A new WebRTC integration simplifies building voice-based applications by providing direct support for streaming audio, noise suppression, and congestion control. Developers can now integrate real-time capabilities with minimal configuration, even under variable network conditions.
OpenAI is also introducing new pricing for its real-time API, reducing costs by 60% for GPT-4o audio to $40 for one million input tokens and $80 for one million output tokens.
Cached audio input costs are reduced by 87.5% and are now priced at $2.50 per million input tokens. To further improve affordability, OpenAI is adding GPT-4o mini, a smaller, more cost-effective model priced at $10 for one million input tokens and $20 for one million output tokens.
Text token fees for GPT-4o mini are also significantly lower, starting at $0.60 for input tokens and $2.40 for output tokens.
Beyond pricing, OpenAI gives developers more control over responses in the API in real time. Features like out-of-band simultaneous responses allow background tasks, such as content moderation, to run without interrupting the user experience. Developers can also customize input contexts to focus on specific parts of a conversation and control when voice responses are activated for more accurate and fluid interactions.
Another important addition is setting preferencesa method of customizing models based on user and developer preferences.

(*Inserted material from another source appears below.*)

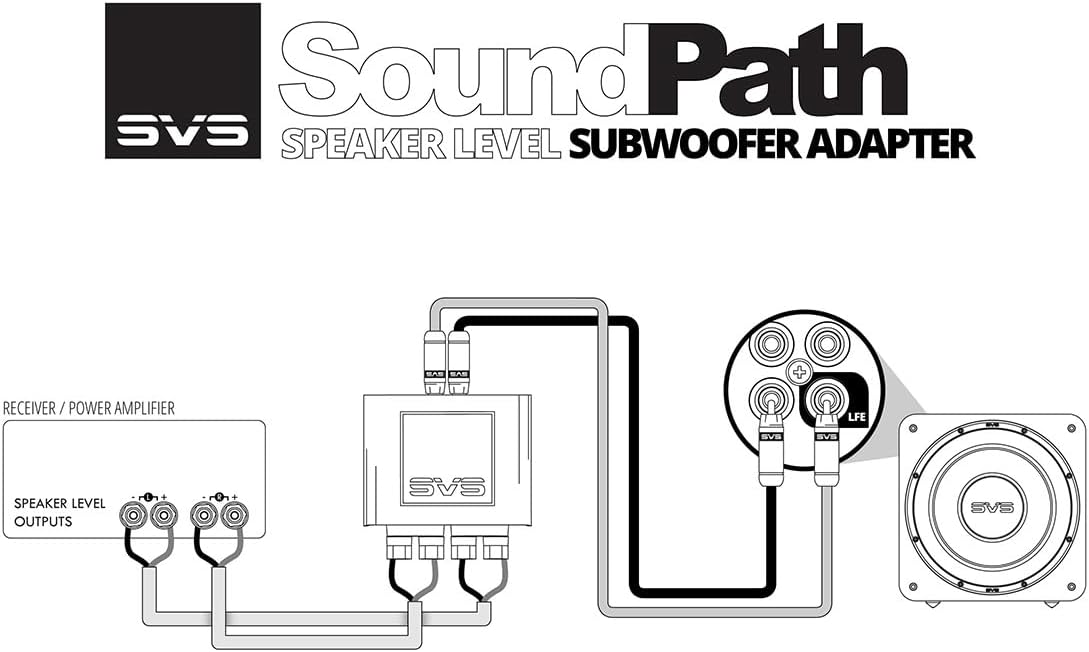 SVS SoundPath Speaker Level Subwoofer Adapter, Home Audio Line Out Converter, Stereo RCA Output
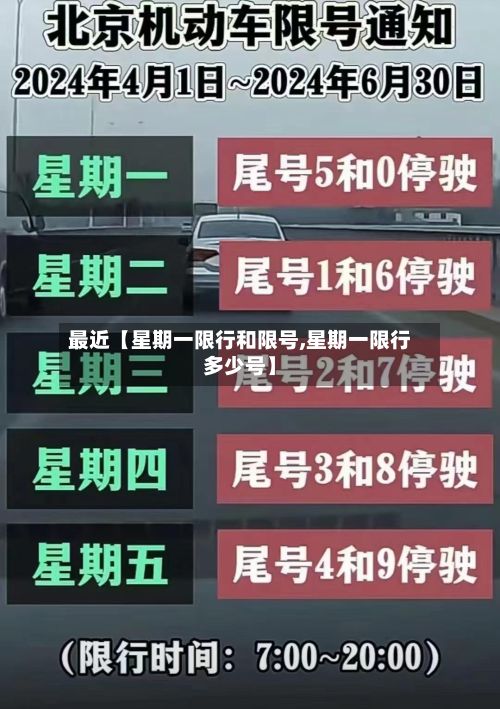 最近【星期一限行和限号,星期一限行多少号】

Unlike supervised fine-tuning, which relies on exact input and output pairs, preference fine-tuning uses pairwise comparisons to teach the model which responses are preferred. This approach is particularly effective for subjective tasks, such as summaries, creative writing, or scenarios where tone and style matter.

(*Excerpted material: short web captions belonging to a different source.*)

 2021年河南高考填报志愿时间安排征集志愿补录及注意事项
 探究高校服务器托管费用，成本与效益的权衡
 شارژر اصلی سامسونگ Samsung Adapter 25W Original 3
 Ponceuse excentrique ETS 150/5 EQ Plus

Early tests with partners like Rogo AI, which creates assistants for financial analysts, show promising results. Rogo reported that preference tuning helped their model handle complex out-of-distribution queries better than traditional tuning, improving task accuracy by more than 5%. The feature is now available for gpt-4o-2024-08-06 and gpt-4o-mini-2024-07-18, and there are plans to expand support to newer models early next year.
To streamline integration, OpenAI is expanding its official SDK offerings with beta versions for Go and Java. These SDKs join existing Python, Node.js, and .NET libraries, making it easier for developers to interact with OpenAI models in more programming environments. The Go SDK is particularly useful for building scalable backend systems, while the Java SDK is designed for enterprise-grade applications that rely on strong writing and robust ecosystems.
With these updates, OpenAI offers developers an expanded set of tools to create advanced and customizable AI-based applications. Whether through o1’s enhanced reasoning capabilities, real-time API enhancements, or tuning options, OpenAI’s latest offerings aim to deliver improved performance and cost-effectiveness for businesses that push the boundaries of integration. of AI.